_What the exercise asks_
In the entries below, the lines from the one with "Bright, airy bedroom" through the one with "Foto 1 de 4" are to be copied exactly; both ends count.

_Records_

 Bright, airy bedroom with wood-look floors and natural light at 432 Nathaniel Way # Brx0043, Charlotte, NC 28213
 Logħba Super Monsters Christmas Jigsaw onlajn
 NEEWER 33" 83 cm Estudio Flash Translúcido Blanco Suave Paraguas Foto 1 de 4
---
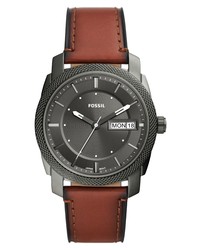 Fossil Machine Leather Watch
---
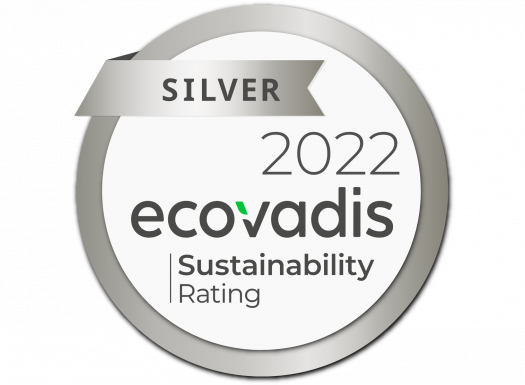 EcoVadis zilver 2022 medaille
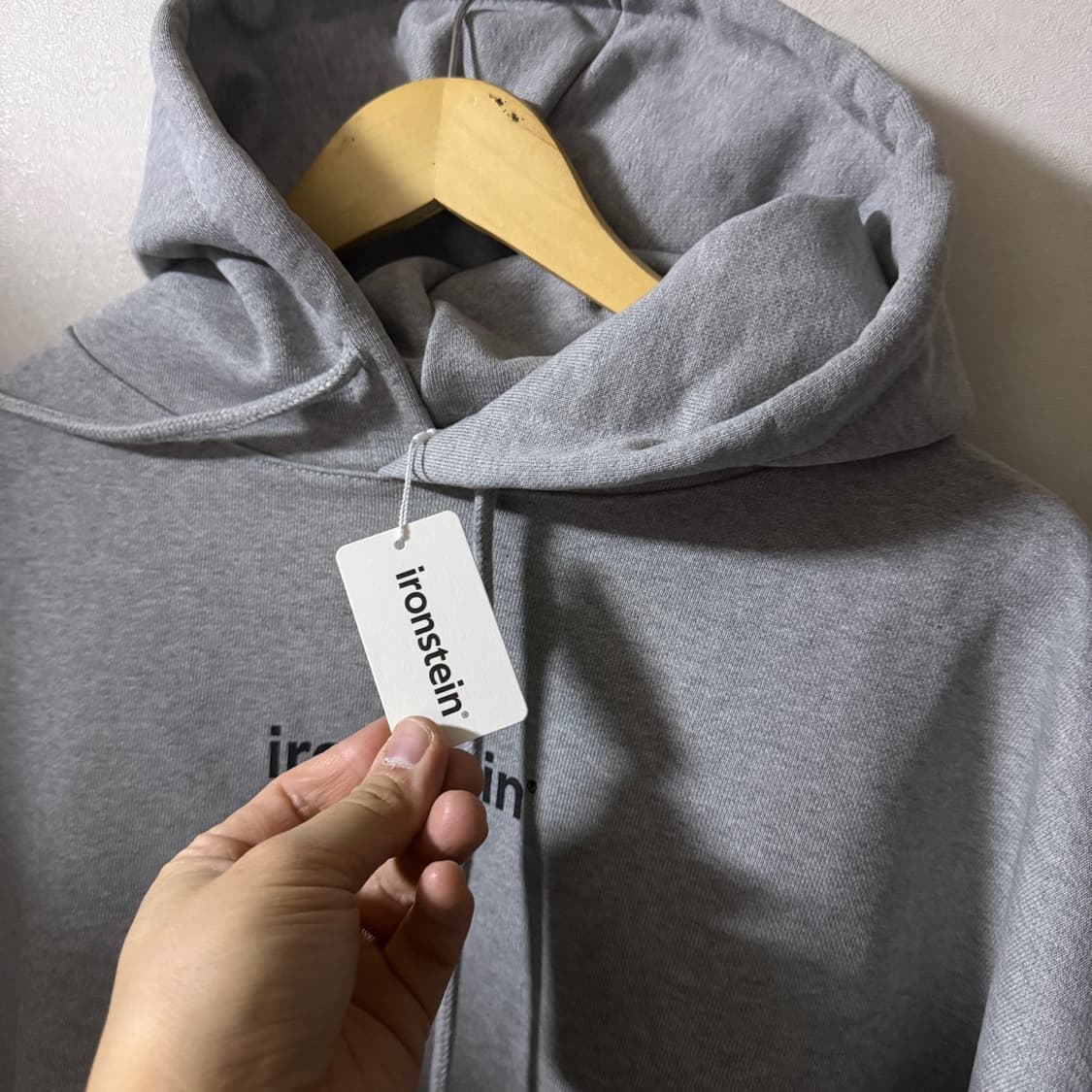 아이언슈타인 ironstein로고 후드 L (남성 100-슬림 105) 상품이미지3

_Exercise response_
 Bright, airy bedroom with wood-look floors and natural light at 432 Nathaniel Way # Brx0043, Charlotte, NC 28213
 Logħba Super Monsters Christmas Jigsaw onlajn
 NEEWER 33" 83 cm Estudio Flash Translúcido Blanco Suave Paraguas Foto 1 de 4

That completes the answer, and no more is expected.